Plusieurs concurrents de la sphère privée, regroupés au sein du lobby BAGO, ont déposé plainte ; l’affaire doit être entendue à l’automne par le tribunal correctionnel de Bruxelles. Si la justice tranche en leur faveur, l’établissement d’État pourrait se voir infliger une amende et être contraint de retirer sa gamme interactive du marché.
Une forte pression politique à l’approche du budget
Au-delà du dossier judiciaire, la question divise déjà la majorité fédérale. Les libéraux estiment que la Loterie finance à hauteur de 325 millions d’euros annuels le sport, la culture et la recherche, et qu’un durcissement brusque du cadre publicitaire priverait ces secteurs d’une ressource vitale.

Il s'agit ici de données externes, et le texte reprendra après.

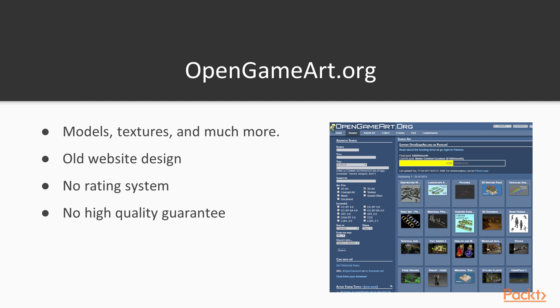In this case, the website does not have a rating system and does not have a high quality guarantee. To determine the quality of an asset, you will need to look at the images, the number of downloads, and the comments below the asset.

Les écologistes, quant à eux, répliquent qu’un modèle économique fondé sur l’attrait des adolescents pour les jeux de grattage n’est pas soutenable : « La prévention du jeu excessif doit primer sur la manne budgétaire », insiste Van Hecke, qui prépare une proposition de loi alignant la Loterie sur les mêmes règles que Betfirst ou Unibet : dépôt obligatoire de spots sur la banque de données publicitaires, interdiction avant 23 heures et bannissement des réseaux sociaux fréquentés par les moins de 18 ans, entre autres choses.
Le ministre de la Justice sortant, Paul Van Tigchelt, promet une évaluation de l’Arrêté royal d’ici au mois de décembre. D’ici là, la Loterie, d’une totale désinvolture, poursuit ses tirages télévisés et ses campagnes « Good Causes ».